## Task prompt
Read the lines below. Copy out any that hold the string "with".
---- Provided data
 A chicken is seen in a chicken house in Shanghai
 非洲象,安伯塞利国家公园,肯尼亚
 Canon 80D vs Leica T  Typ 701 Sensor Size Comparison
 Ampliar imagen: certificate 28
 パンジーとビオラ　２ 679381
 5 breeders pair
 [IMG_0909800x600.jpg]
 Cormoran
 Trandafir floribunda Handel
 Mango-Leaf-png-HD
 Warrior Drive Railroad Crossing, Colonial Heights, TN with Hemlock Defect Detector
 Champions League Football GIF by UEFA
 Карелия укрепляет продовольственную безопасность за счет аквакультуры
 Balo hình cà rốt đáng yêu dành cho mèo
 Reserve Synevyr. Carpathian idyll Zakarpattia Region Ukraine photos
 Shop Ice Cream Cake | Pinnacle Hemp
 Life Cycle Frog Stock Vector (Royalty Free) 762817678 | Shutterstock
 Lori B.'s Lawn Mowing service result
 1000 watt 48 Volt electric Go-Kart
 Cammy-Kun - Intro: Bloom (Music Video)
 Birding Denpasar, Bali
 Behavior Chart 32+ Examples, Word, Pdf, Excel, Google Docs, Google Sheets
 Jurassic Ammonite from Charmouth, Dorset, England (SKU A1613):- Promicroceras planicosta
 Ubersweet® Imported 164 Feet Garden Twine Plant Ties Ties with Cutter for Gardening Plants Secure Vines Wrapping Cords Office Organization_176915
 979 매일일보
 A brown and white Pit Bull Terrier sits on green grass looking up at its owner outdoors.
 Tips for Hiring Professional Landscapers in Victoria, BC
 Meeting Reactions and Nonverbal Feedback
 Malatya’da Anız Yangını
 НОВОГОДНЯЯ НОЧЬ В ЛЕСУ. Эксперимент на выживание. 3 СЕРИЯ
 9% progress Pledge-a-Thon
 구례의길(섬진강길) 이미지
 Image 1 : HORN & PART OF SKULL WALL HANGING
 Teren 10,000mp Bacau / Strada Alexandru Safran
--------
## Written solution
 Warrior Drive Railroad Crossing, Colonial Heights, TN with Hemlock Defect Detector
 Ubersweet® Imported 164 Feet Garden Twine Plant Ties Ties with Cutter for Gardening Plants Secure Vines Wrapping Cords Office Organization_176915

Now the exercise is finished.